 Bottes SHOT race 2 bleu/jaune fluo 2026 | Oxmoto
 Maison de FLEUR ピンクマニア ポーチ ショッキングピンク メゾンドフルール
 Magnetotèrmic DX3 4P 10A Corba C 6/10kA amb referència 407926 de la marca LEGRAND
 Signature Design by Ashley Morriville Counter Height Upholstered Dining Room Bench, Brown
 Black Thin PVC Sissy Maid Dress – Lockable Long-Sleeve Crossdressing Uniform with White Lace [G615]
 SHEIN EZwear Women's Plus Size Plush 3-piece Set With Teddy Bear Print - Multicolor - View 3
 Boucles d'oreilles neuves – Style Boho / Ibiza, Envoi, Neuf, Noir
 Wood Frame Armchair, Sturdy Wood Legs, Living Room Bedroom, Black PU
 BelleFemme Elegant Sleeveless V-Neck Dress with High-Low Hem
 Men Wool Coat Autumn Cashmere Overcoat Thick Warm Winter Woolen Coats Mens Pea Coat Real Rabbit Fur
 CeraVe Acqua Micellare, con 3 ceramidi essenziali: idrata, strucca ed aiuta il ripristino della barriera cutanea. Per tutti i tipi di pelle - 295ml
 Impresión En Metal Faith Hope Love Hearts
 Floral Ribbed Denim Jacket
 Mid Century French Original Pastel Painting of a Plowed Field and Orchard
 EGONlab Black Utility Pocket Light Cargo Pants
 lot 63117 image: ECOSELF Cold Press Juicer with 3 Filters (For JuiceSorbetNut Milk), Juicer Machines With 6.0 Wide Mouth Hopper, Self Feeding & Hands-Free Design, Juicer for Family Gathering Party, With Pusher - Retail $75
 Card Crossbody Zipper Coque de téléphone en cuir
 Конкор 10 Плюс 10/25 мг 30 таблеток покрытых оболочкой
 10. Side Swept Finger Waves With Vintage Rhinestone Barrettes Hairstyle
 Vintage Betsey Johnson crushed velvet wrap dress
-*-
Work to be completed: Reproduce only the lines above spanning from the line containing "Black Thin PVC" through the line containing "Boucles d'oreilles neuves", word for word.

Solution:
 Black Thin PVC Sissy Maid Dress – Lockable Long-Sleeve Crossdressing Uniform with White Lace [G615]
 SHEIN EZwear Women's Plus Size Plush 3-piece Set With Teddy Bear Print - Multicolor - View 3
 Boucles d'oreilles neuves – Style Boho / Ibiza, Envoi, Neuf, Noir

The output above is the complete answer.